Meta-analysis of the ability of mutational profiles on the cancer genome atlas to predict prognosis in endometrial carcinoma.

Abstract

Background: In 2013, The Cancer Genome Atlas Research Network suggested that endometrial carcinoma patients may be reclassified into four molecular prognostic groups.

Objective: To compare survival of endometrial carcinoma patients with different mutational profiles.

Search strategy: Studies reporting survival of endometrial carcinoma patients were identified through systematic searches of four databases.

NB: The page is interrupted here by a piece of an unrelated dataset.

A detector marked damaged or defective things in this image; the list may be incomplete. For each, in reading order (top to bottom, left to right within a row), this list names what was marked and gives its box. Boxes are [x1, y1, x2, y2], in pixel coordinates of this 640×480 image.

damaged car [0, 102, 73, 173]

Selection criteria: We included relevant studies based on the literature type, data integrity and the methodological quality.

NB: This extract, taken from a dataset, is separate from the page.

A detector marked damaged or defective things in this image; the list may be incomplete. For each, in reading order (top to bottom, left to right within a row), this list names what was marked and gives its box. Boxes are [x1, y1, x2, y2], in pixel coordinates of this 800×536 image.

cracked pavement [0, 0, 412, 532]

Data collection and analysis: The pooled survival data were compared among patients with different mutational profiles. Heterogeneity in the pooled data was assessed using the I² statistic.

Main results: Data were meta-analyzed from nine studies involving 4755 patients, who were classified into the following mutational profiles: p53abn, 745 patients (15.6%); MMRd, 1454 patients (30.6%); POLEmut, 351 patients (7.4%); and p53wt, 2205 patients (46.4%). Compared to the p53wt group, the p53abn group showed significantly worse overall survival (OS) (HR 2.31, 95% CI: 1.67-3.19), progression-free survival (PFS) (HR 2.86, 95% CI: 1.45-5.64) and disease-specific survival (HR 2.60, 95% CI: 1.41-4.79); and the MMRd group showed significantly worse OS (HR 1.30, 95% CI: 1.11-1.53) and PFS (HR 1.27, 95% CI: 1.01-1.59). The POLEmut group, in contrast, showed similar survival as the p53wt group.

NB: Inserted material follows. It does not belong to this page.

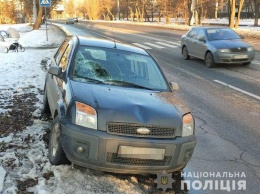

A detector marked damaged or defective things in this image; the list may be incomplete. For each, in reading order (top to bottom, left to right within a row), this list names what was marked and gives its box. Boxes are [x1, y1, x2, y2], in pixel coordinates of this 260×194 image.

Conclusions: The four mutational profiles for patients with endometrial carcinoma in the Cancer Genome Atlas for Endometrial Cancer are associated with worse to better survival in the trend: p53abn < MMRd < POLEmut ≈ p53wt. Mutational profiling may be useful for stratifying endometrial carcinoma patients by survival risk, which in turn may improve their management.